==== Record excerpts

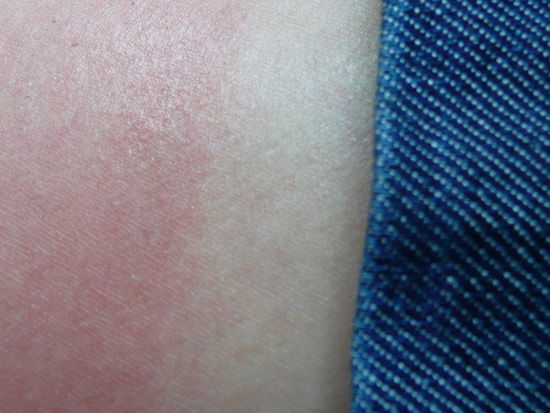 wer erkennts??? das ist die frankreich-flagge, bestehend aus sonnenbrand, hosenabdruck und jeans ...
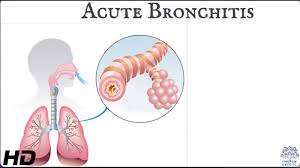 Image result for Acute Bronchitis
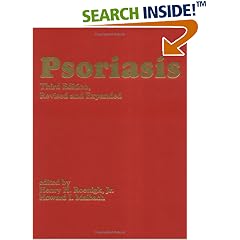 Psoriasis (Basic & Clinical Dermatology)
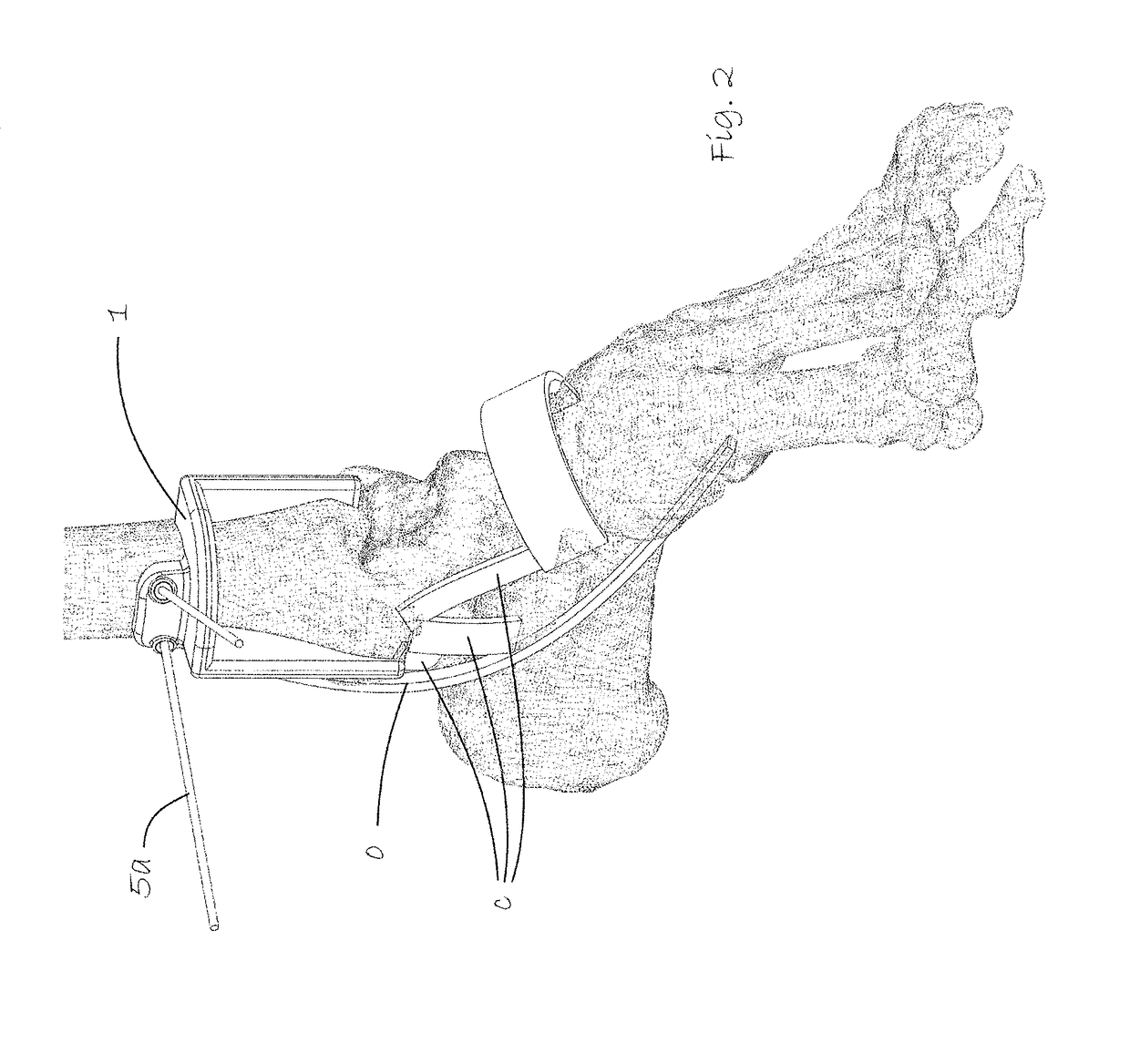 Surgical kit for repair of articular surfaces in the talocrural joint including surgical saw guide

========
==== Record excerpts

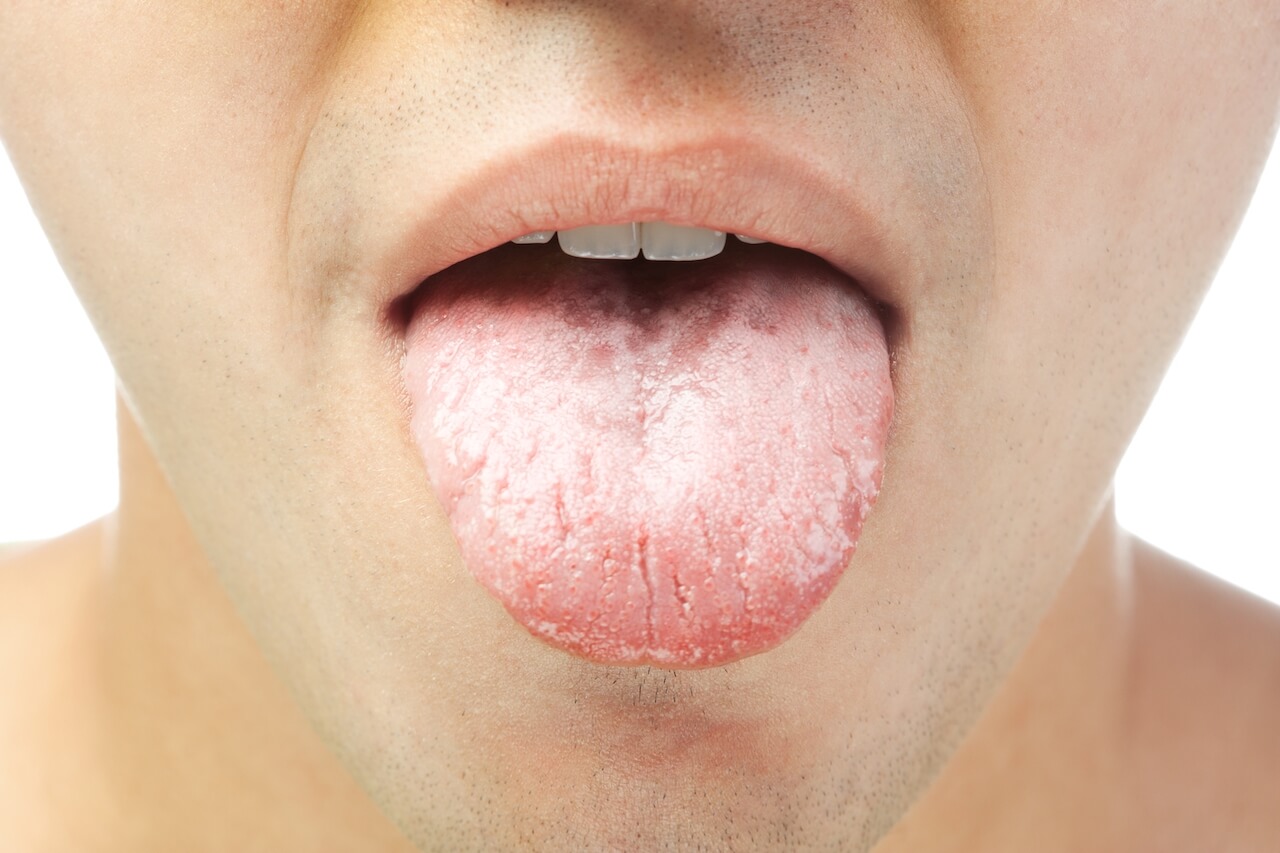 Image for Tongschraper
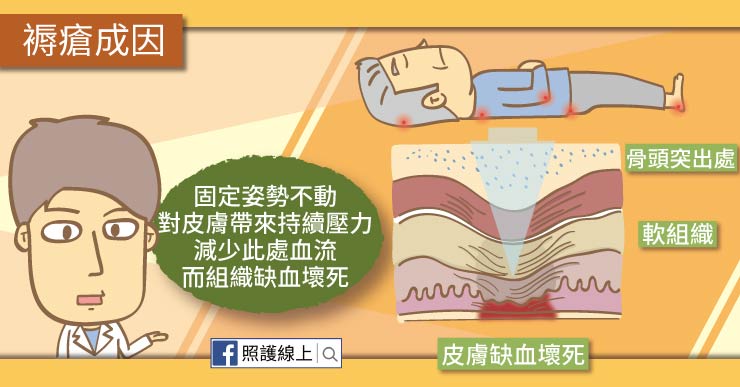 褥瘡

========
==== Record excerpts

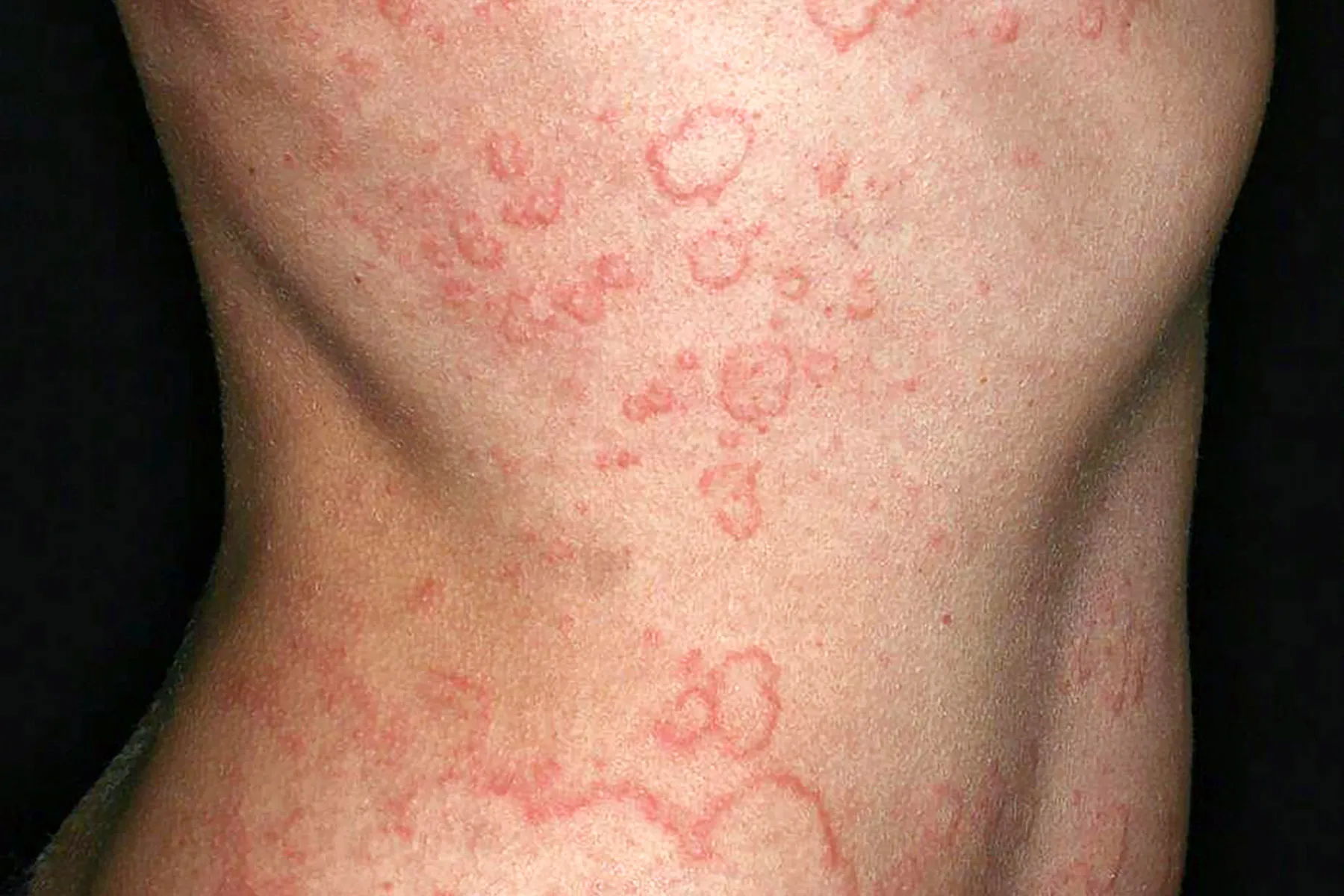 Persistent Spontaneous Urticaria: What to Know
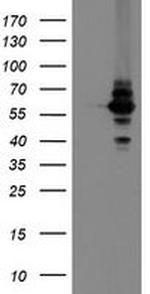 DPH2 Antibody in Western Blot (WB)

========

● Exercise prompt:
In the listing above, find the line containing "Image result for Acute Bronchitis". Output it and every line after it up to and including the line containing "Surgical kit for", exactly, but skip the pictures.

● Your response:
 Image result for Acute Bronchitis
 Psoriasis (Basic & Clinical Dermatology)
 Surgical kit for repair of articular surfaces in the talocrural joint including surgical saw guide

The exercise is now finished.